Subd. 7. [APPLICATION OF OTHER LAWS.] Unilateral
implementation of this section by a public employer is not an
unfair labor practice for purposes of Minnesota Statutes,
chapter 179A. The requirement in this section for an employer
to pay health insurance costs for certain retired employees is
not subject to the limits in Minnesota Statutes, section
179A.20, subdivision 2a.
Sec. 109. [TRANSFER.]
The responsibilities of the commissioner of administration
for the office of dispute resolution are transferred under
Minnesota Statutes, section 15.039, to the commissioner of
mediation services.
Sec. 110. [REPEALER.]
(a) Minnesota Statutes 1992, section 309.502, is repealed.

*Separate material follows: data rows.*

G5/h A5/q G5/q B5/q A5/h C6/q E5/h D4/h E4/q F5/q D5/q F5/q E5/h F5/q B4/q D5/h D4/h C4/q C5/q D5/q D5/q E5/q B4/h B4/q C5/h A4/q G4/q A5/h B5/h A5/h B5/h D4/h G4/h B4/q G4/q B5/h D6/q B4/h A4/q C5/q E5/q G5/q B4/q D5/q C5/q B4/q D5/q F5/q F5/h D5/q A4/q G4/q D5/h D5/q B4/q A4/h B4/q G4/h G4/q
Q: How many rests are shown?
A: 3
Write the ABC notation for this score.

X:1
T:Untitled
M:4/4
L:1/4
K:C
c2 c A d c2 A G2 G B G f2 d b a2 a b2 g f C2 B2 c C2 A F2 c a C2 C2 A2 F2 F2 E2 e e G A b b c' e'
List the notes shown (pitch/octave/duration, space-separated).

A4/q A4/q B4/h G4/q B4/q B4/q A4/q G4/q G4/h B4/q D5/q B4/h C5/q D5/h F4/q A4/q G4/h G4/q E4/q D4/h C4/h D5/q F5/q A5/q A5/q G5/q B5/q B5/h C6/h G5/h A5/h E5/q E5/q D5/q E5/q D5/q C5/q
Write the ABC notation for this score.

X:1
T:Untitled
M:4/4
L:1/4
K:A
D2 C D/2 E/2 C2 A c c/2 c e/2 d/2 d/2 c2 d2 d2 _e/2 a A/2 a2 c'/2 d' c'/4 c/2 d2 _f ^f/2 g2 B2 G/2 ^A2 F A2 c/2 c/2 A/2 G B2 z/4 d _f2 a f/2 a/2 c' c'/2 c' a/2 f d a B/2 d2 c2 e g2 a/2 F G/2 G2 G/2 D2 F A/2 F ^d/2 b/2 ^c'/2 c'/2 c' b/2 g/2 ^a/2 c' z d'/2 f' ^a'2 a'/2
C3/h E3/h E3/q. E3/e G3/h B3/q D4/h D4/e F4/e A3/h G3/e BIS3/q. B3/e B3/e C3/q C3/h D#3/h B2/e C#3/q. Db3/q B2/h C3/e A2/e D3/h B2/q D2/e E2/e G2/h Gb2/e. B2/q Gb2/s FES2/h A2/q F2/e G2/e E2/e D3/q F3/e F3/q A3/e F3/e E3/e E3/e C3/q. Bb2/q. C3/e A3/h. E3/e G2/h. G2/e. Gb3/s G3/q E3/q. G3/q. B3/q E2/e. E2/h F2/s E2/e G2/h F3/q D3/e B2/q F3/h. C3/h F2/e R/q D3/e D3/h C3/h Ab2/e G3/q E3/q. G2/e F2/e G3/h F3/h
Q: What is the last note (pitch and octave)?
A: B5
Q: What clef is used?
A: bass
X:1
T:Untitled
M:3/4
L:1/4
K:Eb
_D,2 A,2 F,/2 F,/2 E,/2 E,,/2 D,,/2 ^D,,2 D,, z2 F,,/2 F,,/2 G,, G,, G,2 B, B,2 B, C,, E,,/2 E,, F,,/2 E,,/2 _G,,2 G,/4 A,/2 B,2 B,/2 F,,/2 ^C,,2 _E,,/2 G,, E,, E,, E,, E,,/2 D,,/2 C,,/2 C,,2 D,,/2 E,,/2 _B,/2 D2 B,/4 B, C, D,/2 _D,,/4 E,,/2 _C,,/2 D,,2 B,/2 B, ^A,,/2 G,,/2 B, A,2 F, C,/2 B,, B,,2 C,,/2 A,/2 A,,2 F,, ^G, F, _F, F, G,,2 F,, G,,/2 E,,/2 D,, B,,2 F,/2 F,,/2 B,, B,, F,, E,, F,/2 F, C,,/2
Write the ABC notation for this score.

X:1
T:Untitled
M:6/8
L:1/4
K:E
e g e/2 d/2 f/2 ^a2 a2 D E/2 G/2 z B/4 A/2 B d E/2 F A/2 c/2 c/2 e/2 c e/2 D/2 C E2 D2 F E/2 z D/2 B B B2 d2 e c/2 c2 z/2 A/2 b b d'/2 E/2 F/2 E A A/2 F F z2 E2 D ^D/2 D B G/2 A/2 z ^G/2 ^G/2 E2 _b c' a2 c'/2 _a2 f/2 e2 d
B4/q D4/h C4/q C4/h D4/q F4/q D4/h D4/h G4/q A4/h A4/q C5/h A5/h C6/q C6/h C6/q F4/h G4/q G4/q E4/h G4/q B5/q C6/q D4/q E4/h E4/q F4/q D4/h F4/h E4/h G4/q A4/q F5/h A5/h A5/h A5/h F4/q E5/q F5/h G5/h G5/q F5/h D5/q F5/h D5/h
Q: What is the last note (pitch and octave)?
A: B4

(b) Minnesota Statutes 1992, sections 16A.095, subdivision
3; 16A.123; 16A.128; 16A.1281; 16A.35; 16A.45, subdivisions 2
and 3; 16A.80; and 290A.24, are repealed.
(c) Minnesota Statutes 1992, section 13.072, is repealed
effective August 1, 1995.
Sec. 111. [REVISOR INSTRUCTION.]
In the next edition of Minnesota Statutes, the revisor of
statutes shall renumber sections 16A.15, subdivision 1, as
16A.152, subdivision 4; 16A.15, subdivision 5, as 16A.152,
subdivision 6; 16A.15, subdivision 6, as 16A.152, subdivision 1;
16A.15, subdivision 7, as 16A.152, subdivision 7; 16A.1541 as
16A.152, subdivision 2. The revisor shall also conform
cross-references to the renumbered provisions.
Sec. 112. [EFFECTIVE DATE.]
(a) Section 34 is effective the day after final enactment
and requires an audit for fiscal year 1993.
(b) Section 42 is effective the day following final
enactment. Section 42 does not apply if prohibited by contract,
but the appointing authority must amend the contract as soon as
possible to comply with section 42.
(c) Section 76 is effective retroactively to January 1,
1993.
(d) Sections 86, 87, 88, 89, 90, 108, and 110, paragraph
(a), are effective on the day following final enactment.
(e) Section 65 is effective June 30, 1995, and applies to
appropriations to the legislature, the senate, the house of
representatives, or a legislative commission or committee that
are unexpended and unencumbered on June 30, 1995.
Presented to the governor May 11, 1993
Signed by the governor May 14, 1993, 1:30 p.m.